Setting up a prenuptial agreement doesn’t mean you’re planning to grab half your things and run. Instead, it just means you’re prepared. Why take the time? A prenuptial has benefits for couples, too. Having separate assets can shield your business interests from disaster and protect both of you from prior or coming debt. Also, sitting down to set up a prenuptial is a good way to say, “Here’s what you have. Here’s what I have. And here’s how we can combine it usefully.”

LegalTemplates.net has a solid example of a prenuptial agreement.

And What About a Will?

What’s the risk of dying without a will? Passing away without a will means you die intestate.

The Uniform Probate Code (UBC) governs how inheritance is divided. In the case of intestacy, surviving spouses are at the top of the list, then children, then parents, then siblings, and so-forth. If no next-of-kin can be found, assets cede to the state.

Not having a will means what happens after death might be far from what you or your family discussed.

Yes, a will can be handwritten, but a handwritten (or holographic) will has to adhere to certain conditions to be valid. HG.org lists guidelines for what needs to be in a holographic will for it to be valid.

Include a Letter of Instruction with your will. This is so the executor knows what to do. This is for special instructions pertaining to what you leave behind. You’ll need to include details like the information of your financial advisers, your assets, what goes to whom, and funeral instructions. See this example on Investopedia for what needs to be in your letter of instruction.

Do You Have Children From a Previous Marriage?

If you and your now-spouse have children from a previous relationship, you might also talk about adoption.

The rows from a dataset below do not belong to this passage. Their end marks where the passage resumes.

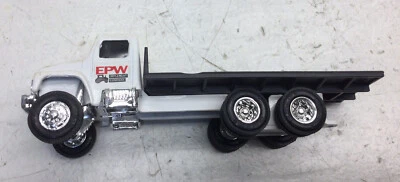 Ertl EPW Flat Bed Equipment hauler￼ Truck. die cast  1/64 - Image 1 of 4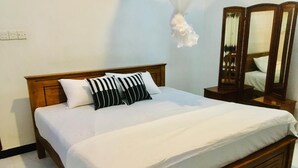 A neatly made bed with white bedding and striped pillows, a wooden headboard, and a bedside table with a mirror. - Charming 1-bedroom house in beautiful Kandy with WiFi (Kandy)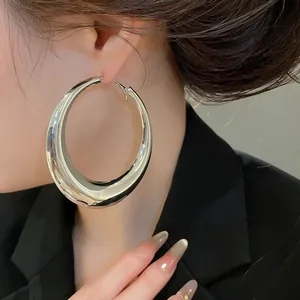 Close-up van overdreven grote dikke zilveren oorringen op een Aziatisch model, sieraden
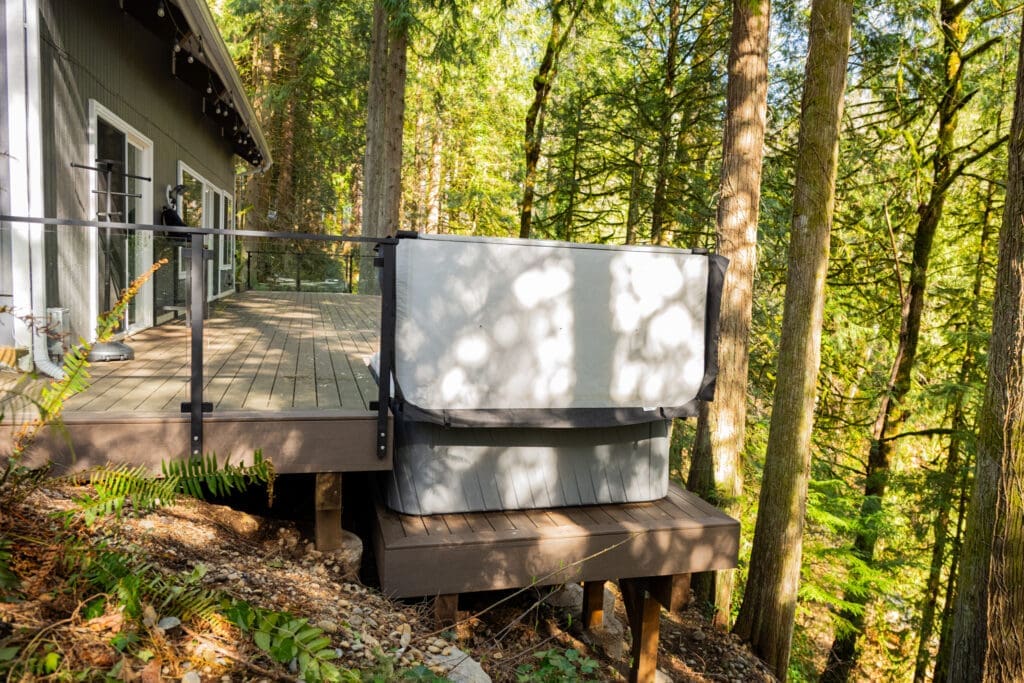 Forest cabin deck with outdoor hot tub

Procedure for adoption (including how long it takes and whose consent you will need to adopt) varies by state. Your best bet is to check with your state and local court clerk. See this adoption guide on Child Welfare Information Gateway for more information.

Storing Your New/Updated Documents

You should always store legal documents safely. It should be somewhere it cannot be stolen, damaged, or lost. Have original, signed copies stored elsewhere (and, just for safety, make electronic copies, too).

Have you and your partner discussed paperwork?